At first glance, Martin and Muñoz’s snow globes recall the pleasant feeling we have when it snows. An atmosphere in which silence prevails, a time when people are generally in their homes, the animals are resting and even nature itself seems asleep. However, upon closer inspection, it quickly becomes apparent that the winter fantasy has been somewhat skewed. Not everything is as it seems: small acts of cruelty, violence and even dark humour come forth to captivate our imagination. Trapped in these snow globes are men and women seen alone or at the mercy of others, lost in a bleak, largely nocturnal landscape straight out of the dead of winter. These are memento mori, weirdly reminiscent of the morbid scenes from the Coen Brothers modern masterpiece, Fargo. Travellers is at the same end of the spectrum as the film: an offbeat, pseudo-moralist parable that forgoes the boundaries between horror and humour, and that is set in a whitewashed, winter wilderness wherein people are gripped by the cold storm of life as various atrocities unfold around them.

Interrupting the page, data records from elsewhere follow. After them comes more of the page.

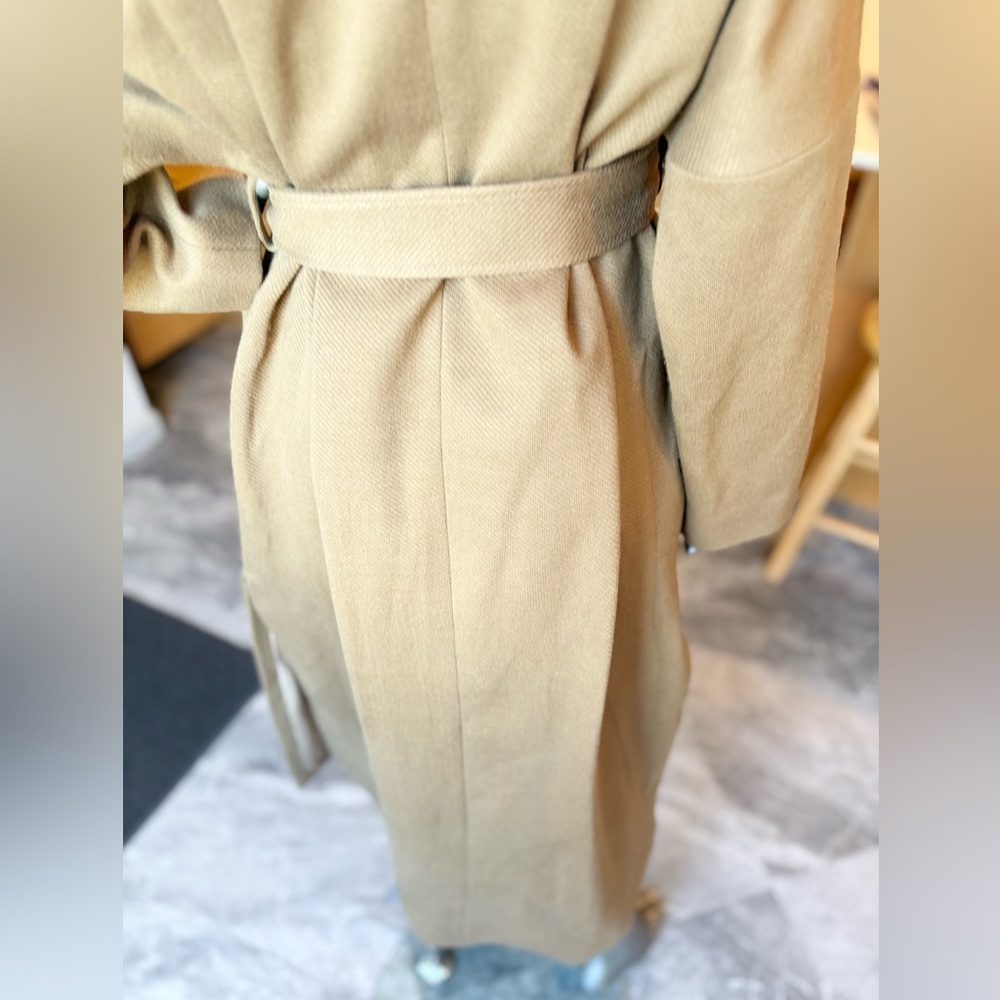 Midi Camel /Caramel Color Open With Tie Waist Round Neck Drop Shoulder Wrap Coat - Picture 8 of 15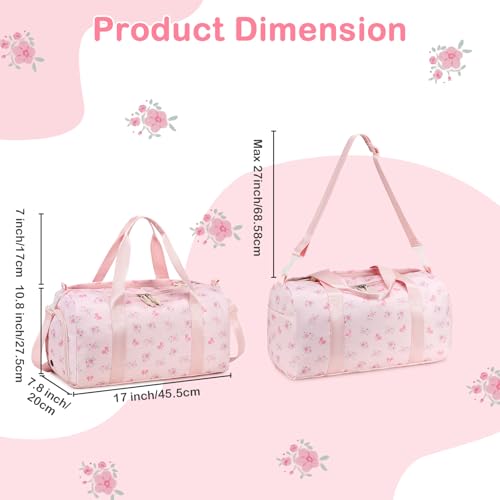 Gym Bag Sports Duffle Bags with Wet Pocket Weekender Overnight Bag with Shoe Compartment and Air Hole for Girls Kids Women Workout Travel Bags (Bow Flower-Pink) - color: Bow Flower-Pink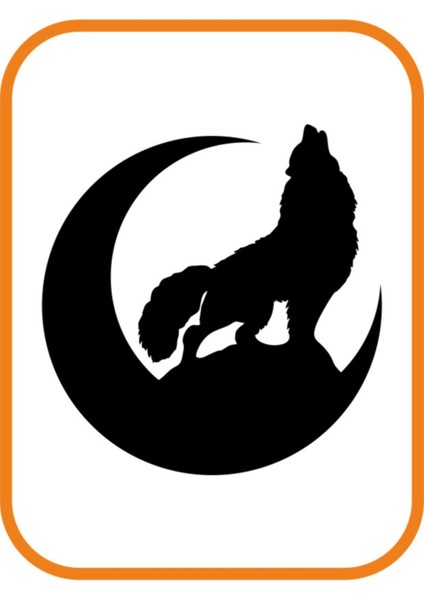 Bozkurt Hilal Oto Sticker 20X20 cm Siyah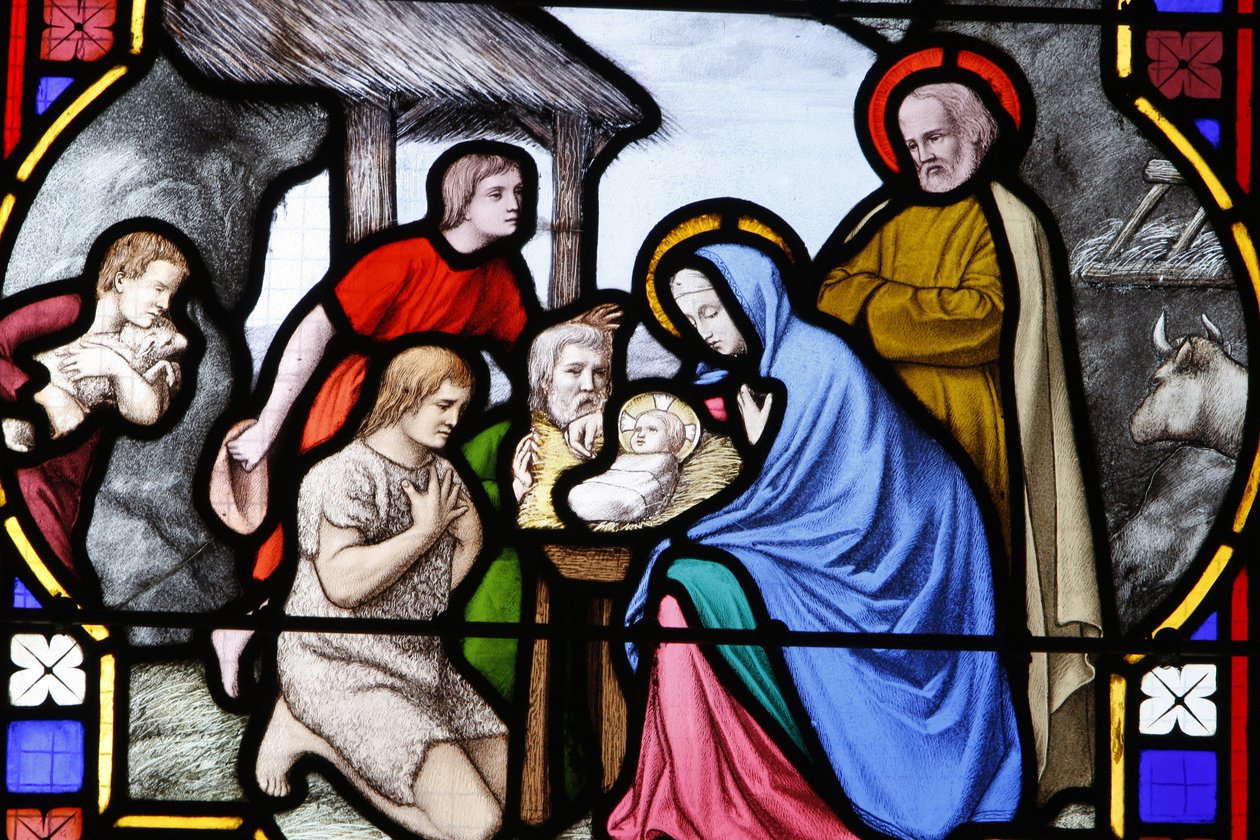 Saint-Corentinin (Saint Corentin) katedraali, Quimperin lasimaalaus: paimenten palvonta, Quimper, Ranska tekijältä Unbekannt
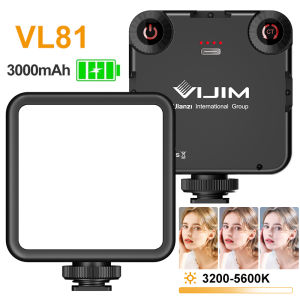 Ulanzi VIJIM VL81 LED Video Light Camera Light 3200-5600K 850LM 6.5W With Cold Shoe Mini Vlog Fill Light 3000mAh Panel Lamp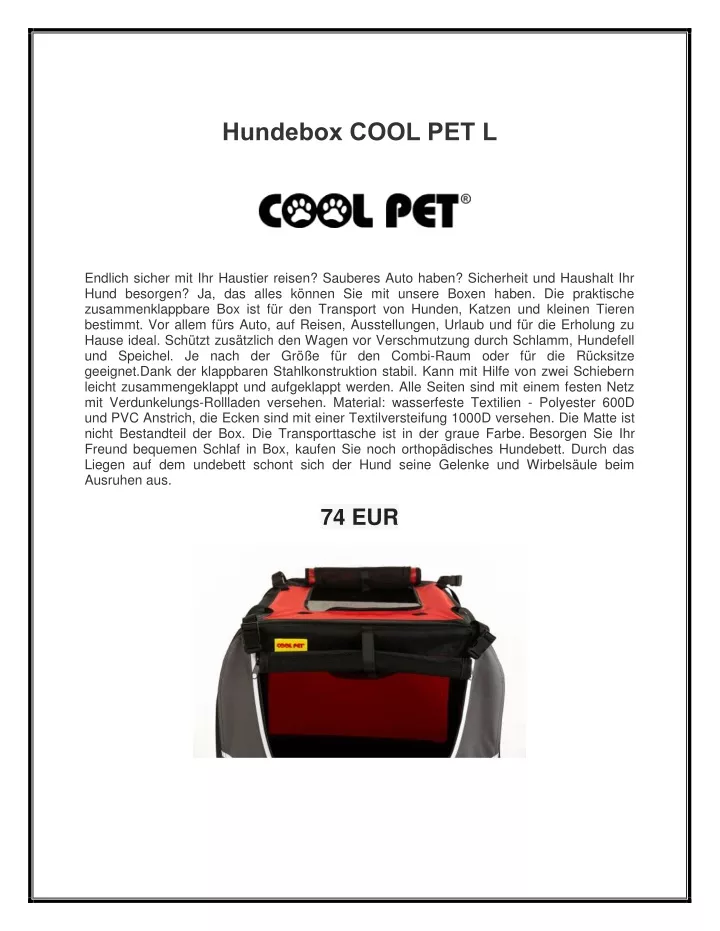hundebox cool pet l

In this photographic series, we come across thoroughly malevolent deeds such as a burly man dangling a child over a well or a man pushing a naked woman up to the edge of a glacier. Elsewhere however, images which show a large-headed boy banging his forehead against a tree or a couple slow-dancing in a cemetery are simply absurd. And while several photographs are particularly horrifying, such as the one of the man in a suit who has hung himself from a tree as the horse that carried him there moseys away, others are hilarious: the figure tipping his hat to another figure tipping his whole head being just one example. Some, on the other hand, are downright scary, as is the case with the photograph of a giant spider hunting a helpless man or the one that depicts a procession of villagers wielding torches and heads on stakes. They are like crime scenes that should perhaps have remained hidden but instead are put on full view before the mantle of snow covers up any trace of the wicked deeds which have taken place.

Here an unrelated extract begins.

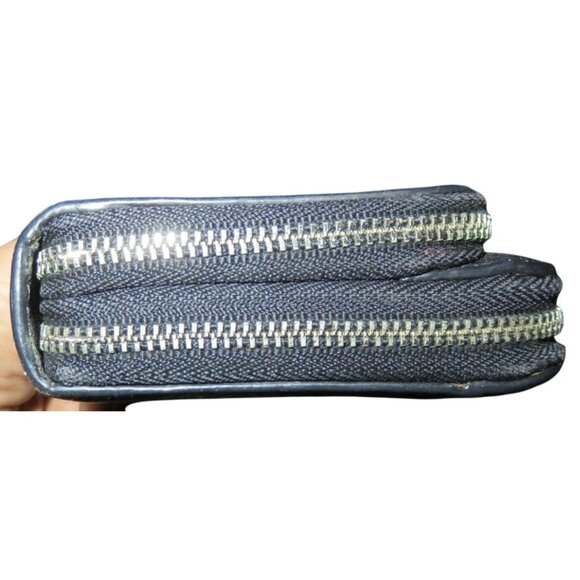 Coach Black Pebbled Leather Double Zip Around Accordion Continental Long Wallet - Picture 3 of 11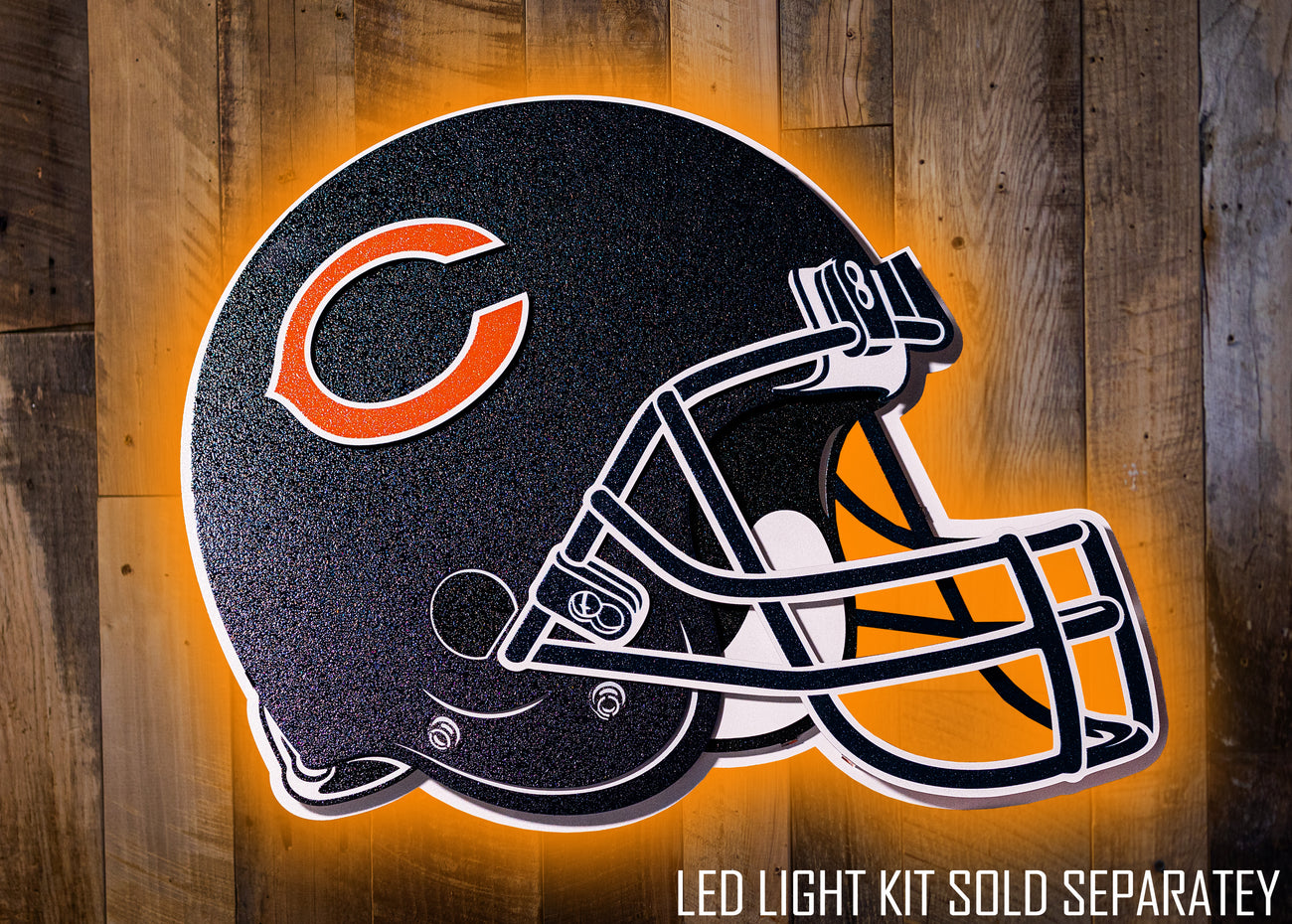 BLITZ Collection - 8 Layer Chicago Bears Helmet 3D Vintage Metal Wall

Walter Martin and Paloma Muñoz explore the human condition through an unsettling slippage of reality and fantasy. Paradoxes abound and so the works leave ample space for interpretation in our minds to complete them. Travellers has a rich texture of ideas, references, memories and dreams, but ultimately it is the suspension of disbelief that is the key to their reception and meaning — the odd experience of an everyday household object revealing itself as something more surreal totally stumps our expectations. This wonderful synthesis of the familiar and the strange is the linchpin of their work.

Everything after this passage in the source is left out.